An Alternative to Required API Keys
Requiring API keys to JSON services for publicly available data is leading us down the unfortunate path to screen scraping and HTML parsing. The justification for requiring API keys is that abuses of these data APIs are rampant and without the keys there would be no way to deal with bad behavior. Rate limiting is one approach but it is easily gamed. We need a better solution.
Required keys make it much harder for developers to learn new things. I recently created a sample application for Typesafe Activator called Reactive Stocks which fetches publicly available tweets and then does a sentiment analysis on the tweets. The goal of the sample is to quickly teach developers about how to build Reactive applications. If each developer had to go through the process of setting up Twitter API keys just to get the app running, many would give up. Most developers prefer to instantly see something working and then deconstruct it to learn how it works.
Shortly after releasing the first version of the Reactive Stocks sample application, Twitter shut off the publicly available JSON service. After searching for an alternative to tweets as an interesting and changing sample dataset, I found a key-less JSON API for news by Faroo. Shortly after switching to Faroo’s key-less JSON service, they shut it off. So I created a better way to provide tweet data for sample applications which prevents abuse while also teaching developers to think about failure as they use the API.
The Reactive Stocks application now uses a simple JSON service which proxies search requests to Twitter, adding the required key. This means developers learning how to build Reactive apps won’t need to setup Twitter API keys. But exposing this API publicly would likely lead to abuse. The solution that insures the service will only be used for development purposes, without requiring a key, is simply to make it randomly fail and hang.
Services go down and requests hang in real-world usage but this happens infrequently so many developers ignore that it will happen. Causing about twenty percent of requests to fail or hang forces developers to deal with these real situations. Not only does this solution teach developers to do the right thing, it also prevents abuses since a production system will not likely want to have twenty percent of their requests fail. For production usage, API providers could also simply remove this behavior when a key is used.

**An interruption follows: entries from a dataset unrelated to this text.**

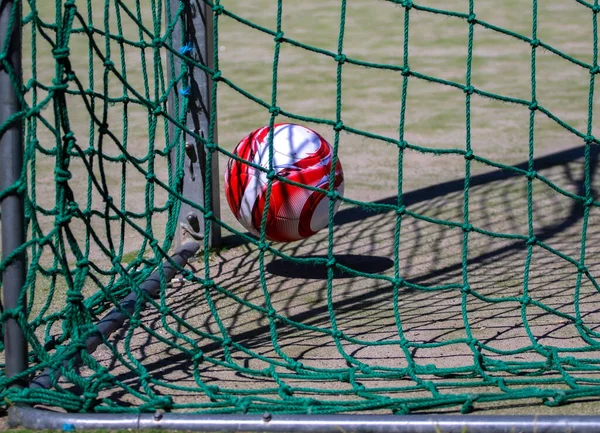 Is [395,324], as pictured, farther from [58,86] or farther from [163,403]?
[58,86]

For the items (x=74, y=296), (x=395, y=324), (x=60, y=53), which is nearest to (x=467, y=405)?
(x=395, y=324)

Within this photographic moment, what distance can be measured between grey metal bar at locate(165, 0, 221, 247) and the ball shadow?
0.40 m

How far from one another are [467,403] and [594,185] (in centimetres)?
270

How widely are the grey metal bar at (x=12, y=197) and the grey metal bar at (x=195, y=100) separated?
3.89ft

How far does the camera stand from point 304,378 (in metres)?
2.88

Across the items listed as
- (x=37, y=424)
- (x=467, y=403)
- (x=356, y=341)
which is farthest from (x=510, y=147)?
(x=37, y=424)

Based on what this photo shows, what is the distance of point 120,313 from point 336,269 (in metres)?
1.02

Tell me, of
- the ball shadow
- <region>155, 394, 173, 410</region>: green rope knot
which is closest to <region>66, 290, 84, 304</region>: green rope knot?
<region>155, 394, 173, 410</region>: green rope knot

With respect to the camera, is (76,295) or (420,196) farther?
(420,196)

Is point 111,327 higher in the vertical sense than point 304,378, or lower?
higher

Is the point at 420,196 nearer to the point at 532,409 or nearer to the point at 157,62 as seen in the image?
the point at 157,62

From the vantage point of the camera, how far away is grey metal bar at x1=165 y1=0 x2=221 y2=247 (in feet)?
12.6

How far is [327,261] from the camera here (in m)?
3.09

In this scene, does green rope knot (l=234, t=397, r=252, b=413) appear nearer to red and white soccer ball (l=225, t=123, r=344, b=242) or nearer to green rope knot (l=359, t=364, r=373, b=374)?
green rope knot (l=359, t=364, r=373, b=374)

To implement the randomly failing Twitter search proxy I used Play Framework with Scala. The full code is on GitHub but lets walk through the interesting bits. The app handles requests to /search/tweets by calling the following function:
def tweets(query: String) = {
FailFast {
WaitOneMinute {
Cached(query, 60 * 15) {
Action {
Async {
Logger.info(s"Cache miss for $query")
try {
Twitter.bearerToken.flatMap { bearerToken =>
Twitter.fetchTweets(bearerToken, query).map { response =>
Ok(response.json)
}
}
} catch {
case illegalArgumentException: IllegalArgumentException =>
Logger.error("Twitter Bearer Token is missing", illegalArgumentException)

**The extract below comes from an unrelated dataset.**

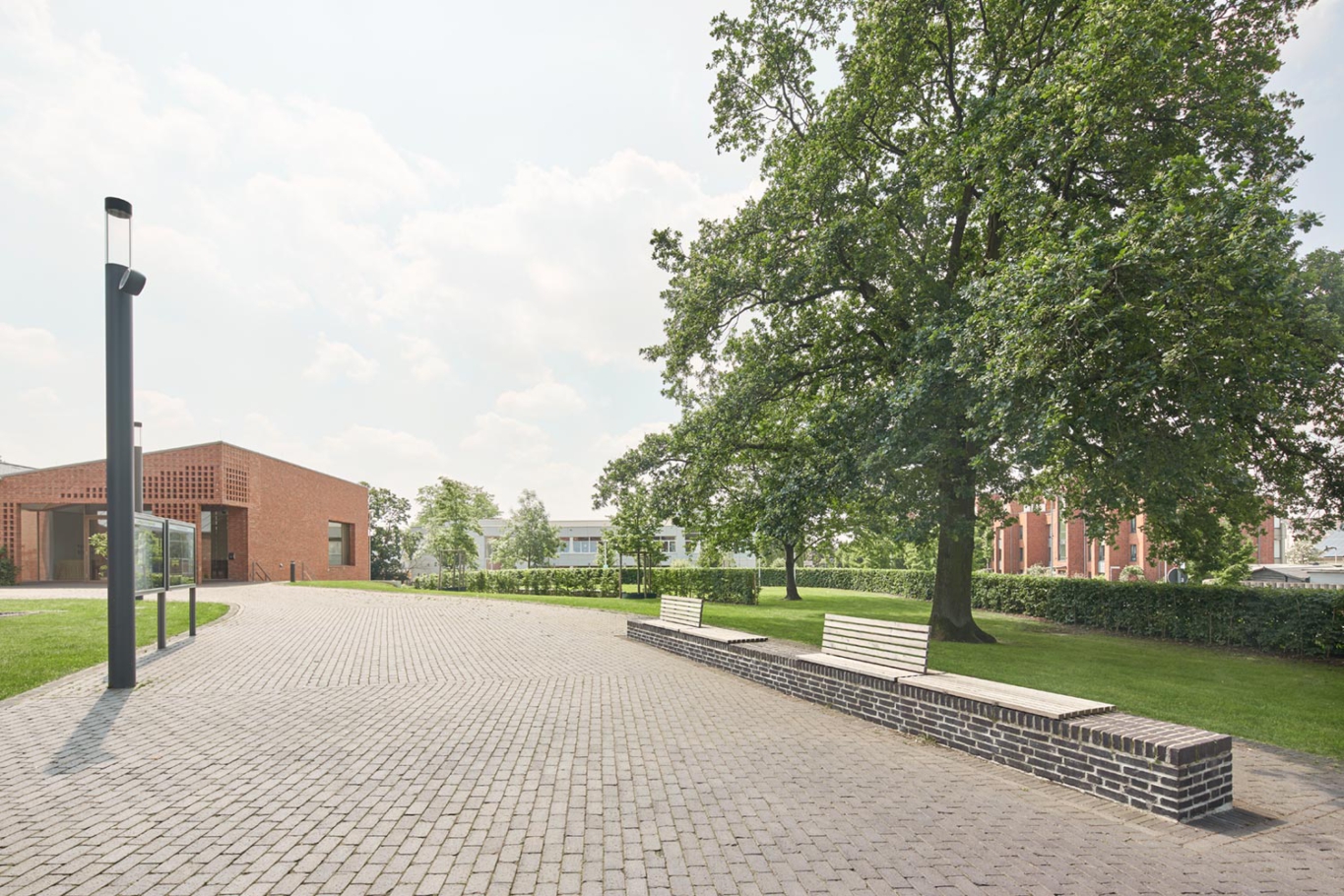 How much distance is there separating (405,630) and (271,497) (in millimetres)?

Future(InternalServerError("Error talking to Twitter"))
}
}
}
}
}
}
}
The tweets function uses Action Composition in Play to compose a number of different behavior together to handle a request. (Note: These could be collapsed down into a single Action.) The FailFast class simply either returns an InternalServerError about one in every ten times or continues to the next Action:
case class FailFast[A](action: Action[A]) extends Action[A] with Controller {
def apply(request: Request[A]): Result = {
// fail about once in every 10 times
if (Random.nextInt(10) == 0) {
Logger.info("FailFast")
InternalServerError
} else {
action(request)
}
}
lazy val parser = action.parser
}
The WaitOneMinute class either waits one minute to return a RequestTimeout response about one in every ten times or continues to the next Action:
case class WaitOneMinute[A](action: Action[A]) extends Action[A] with Controller {
def apply(request: Request[A]): Result = {
// wait one minute about once in every 10 times
if (Random.nextInt(10) == 0) {
Logger.info("WaitOneMinute")
Async {
Promise.timeout(RequestTimeout, 1 minute)
}
}
else {
action(request)
}
}
lazy val parser = action.parser
}
The next step in the chain is to check the cache for a response based on the specified query. If there is a cache miss then the response will automatically be added to the cache. Finally if none of the other Actions returned a response then the Tweets will be fetched and returned (asynchronous and non-blocking).

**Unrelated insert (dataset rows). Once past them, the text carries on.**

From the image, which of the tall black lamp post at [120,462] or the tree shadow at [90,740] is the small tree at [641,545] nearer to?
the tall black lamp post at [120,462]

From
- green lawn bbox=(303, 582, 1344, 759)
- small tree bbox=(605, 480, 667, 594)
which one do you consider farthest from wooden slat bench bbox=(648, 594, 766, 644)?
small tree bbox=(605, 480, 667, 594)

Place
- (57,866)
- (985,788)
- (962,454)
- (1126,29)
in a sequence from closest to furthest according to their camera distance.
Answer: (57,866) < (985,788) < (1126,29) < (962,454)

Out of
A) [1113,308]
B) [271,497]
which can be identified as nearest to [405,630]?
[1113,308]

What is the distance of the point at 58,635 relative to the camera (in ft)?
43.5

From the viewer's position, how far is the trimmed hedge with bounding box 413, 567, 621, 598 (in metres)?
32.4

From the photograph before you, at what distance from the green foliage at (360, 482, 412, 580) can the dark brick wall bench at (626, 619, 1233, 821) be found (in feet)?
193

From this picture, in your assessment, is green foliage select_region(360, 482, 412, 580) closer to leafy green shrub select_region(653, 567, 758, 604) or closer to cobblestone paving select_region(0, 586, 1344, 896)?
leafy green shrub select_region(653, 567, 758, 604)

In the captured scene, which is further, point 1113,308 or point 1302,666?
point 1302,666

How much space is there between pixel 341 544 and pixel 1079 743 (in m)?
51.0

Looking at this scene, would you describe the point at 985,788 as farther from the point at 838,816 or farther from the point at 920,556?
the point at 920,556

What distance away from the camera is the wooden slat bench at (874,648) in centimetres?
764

This example does not require an API key but if an API provider wanted to turn off the failure when a valid key is sent, an authentication Action could easily be added to the chain.
I hope this example inspires API providers to use a new approach for dealing with abuse so that developers can continue to use APIs without resorting to nasty screenscraping techniques to easily get publicly available data. Please let me know what you think!